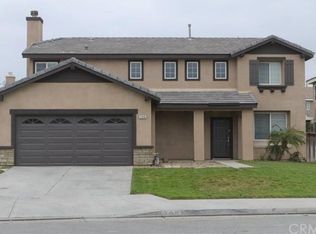 206 Solana St, San Jacinto, CA 92582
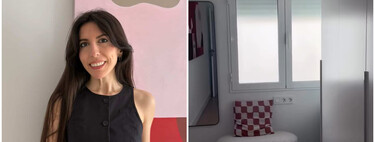 Pilar Pérez, experta en reformas: "Las ventanas de aluminio con rotura de puente térmico reducen la entrada de calor en casa"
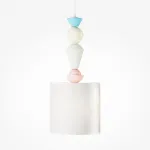 Подвесной светильник Maytoni Modern MOD298PL-01W2 от ImperiumLoft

▬▬▬▬▬▬▬▬▬▬

> [Brief] In your copy, the listing above should appear word for word, with no images.

> [Finished exercise]
 206 Solana St, San Jacinto, CA 92582
 Pilar Pérez, experta en reformas: "Las ventanas de aluminio con rotura de puente térmico reducen la entrada de calor en casa"
 Подвесной светильник Maytoni Modern MOD298PL-01W2 от ImperiumLoft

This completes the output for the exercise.